The Drover’s Wife
30 September 2022
By: Centre For The Australian Way Of Life
Henry Lawson, 1892
Poet and writer Henry Lawson explores the darker side of the Australian myth in his short story about a young mother living alone in the bush – The Drover’s Wife. Deeply gloomy in tone, Lawson paints a bleak but realistic picture of the challenges faced by early settlers. He draws out the way in which the harsh and unforgiving Australian wilderness has shaped the Australian way of life.
The Drover’s Wife is not a story about human flourishing but human survival. The mother at the centre of the tale has fought back fires, floods and illness by creatively adapting to new threats. She represents the many settlers who eked out a living in the outback and whose heroism lay in remaining alive. Hardship built resilience. Vulnerability built toughness. Isolation built resourcefulness. These qualities, which are central to the Australian way of life, are personified in the young mother. When one of her children yells ‘Snake! Mother, here’s a snake!’ she immediately rushes into danger. When the snake slips under the house, she waits up with her dog Alligator for the snake to re-emerge from a crack in the floor. While sitting up she reminisces about the difficult times she has experienced. These have ranged from dying livestock, to a mad bull, dealing with unwelcome strangers and the loss of a child. The woman is ‘used to being alone’ and has not heard from her husband in six months.
The theme of ‘man verses nature’ lies at the heart of The Drover’s Wife and contributes to the overall pessimism pervading the story. The woman and her children are holding the forces of nature arrayed against them at bay, but only just. All of their energy and time is focused on the ‘animalistic’ goal of survival. They have no time for leisure, learning or culture. While the mother has resigned herself to her lot in life, the desire for more is clearly there. She aspires to be more like the fashionable women in her lady’s magazine. She dreams of being more womanly although she is doing a man’s job. Here Lawson speaks to the broader question of what it is to be human as well as what it is to be Australian. The people who colonised this nation wanted something more from life. This is an ongoing part of the Australian dream which continues to draw migrants to our shores. While the natural environment has brought only trouble for this woman, for many others it brought prosperity, opportunity and freedom. The Australian way of life is tied to the nation’s distinctive landscape and natural resources. However, The Drover’s Wife is a clear reminder that triumph and failure always walk hand in hand.

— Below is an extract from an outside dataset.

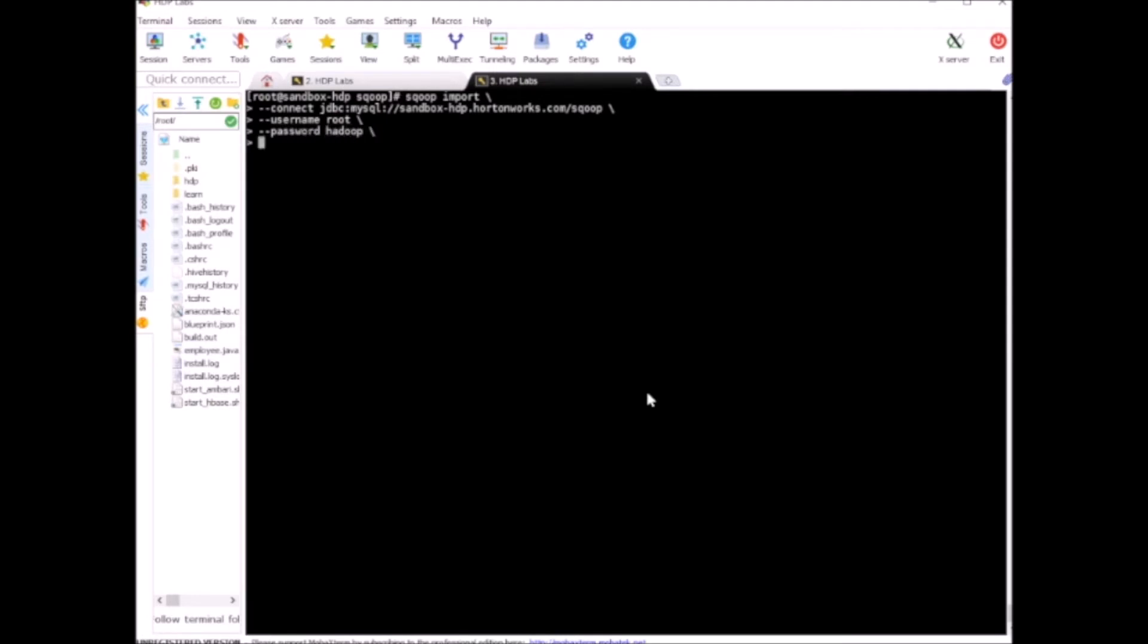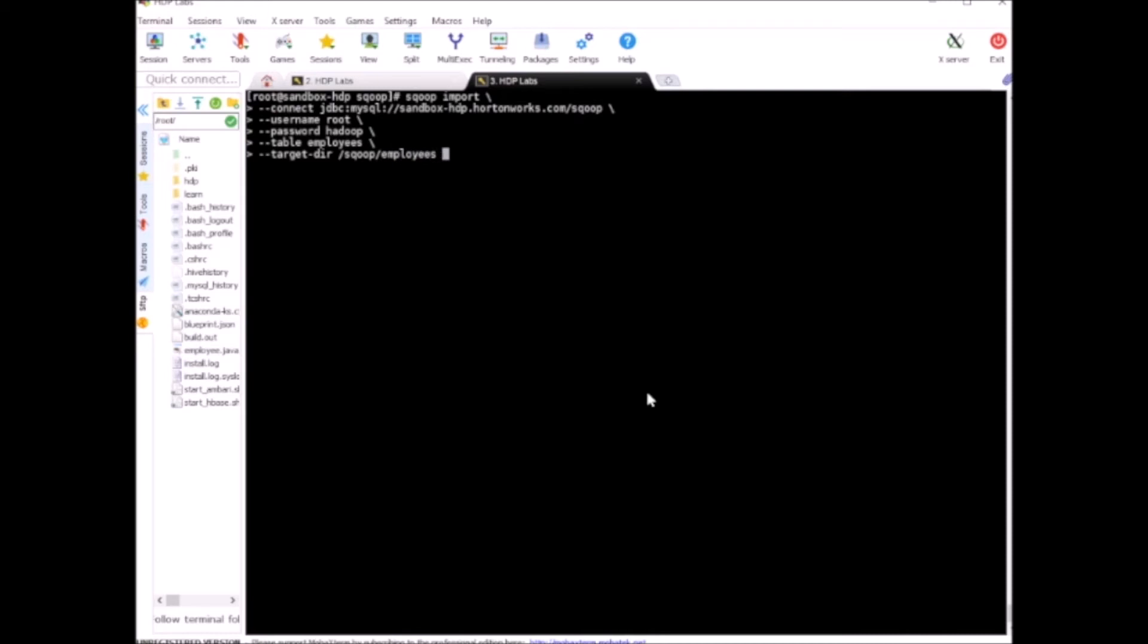Alright, so table employees - we're importing the same employees table and our directory will be the same existing directory we used earlier, called Sqoop employees, and driver com.mysql.jdbc.driver. Now we need append first. Let's run it like this.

Distance and isolation have been central to Australia’s history and national identity and continue to shape the present development of the country. From the beginning of the story Lawson draws out the implications of the vast unpopulated landscape that makes up most of Australia:
‘Bush all around – bush with no horizon, for the country is flat. No ranges in the distance. The bush consists of stunted, rotten native apple-trees. No undergrowth. Nothing to relieve the eye save the darker green of a few she-oaks which are sighing above the narrow, almost waterless creek. Nineteen miles to the nearest sign of civilisation – a shanty on the main road.’
Here Lawson is talking about ‘the tyranny of distance’, a term coined by History Professor Geoffrey Blainey who wrote a book about how distance – to and within Australia – played a key role in shaping the nation’s economy, society and political life. Whereas Blainey looks at how distance impacted the nation, Lawson looks at how distance impacted the individual. For the mother it means she lives without the benefit of community and is dependent upon non-human actors like Alligator her dog to stay alive.
Alligator and the mother’s triumph over the snake represents the triumph of humans over nature and reflects the ultimate success of Australian settlement in the bush. After the snake’s carcass is thrown into the fire, the mother cries silently as she watches it burn. Her son Tommy sees and promises to never become a drover. This exchange implies that the mother’s hard life and battles with nature will allow the next generation to build a better future for themselves. Despite the isolation, hardship and difficulty, Lawson offers a glimmer of hope that the toughened residents of the Australian bush will survive and flourish. His story of The Drover’s Wife explains how they developed the gritty qualities to do so.
Lawson’s emphasis on the dark, melancholy and drab aspects of Australia contrasts strongly with the work of his contemporary and rival Banjo Paterson. The two poets were a classic pairing – as different as night and day – and the greatest Australian authors of the 90s. Where Lawson’s stories were pessimistic and desolating, Paterson’s works were uplifting and lighthearted. Discussing The Drover’s Wife with IPA Executive Director Scott Hargreaves, Australian literary critic Peter Craven said the short story was one of Lawson’s ‘very best’ along with The Union Buries Its Dead and The Bush Undertaker. Published in 1892, the book has inspired generations of Australian writers, painters, performers and photographers.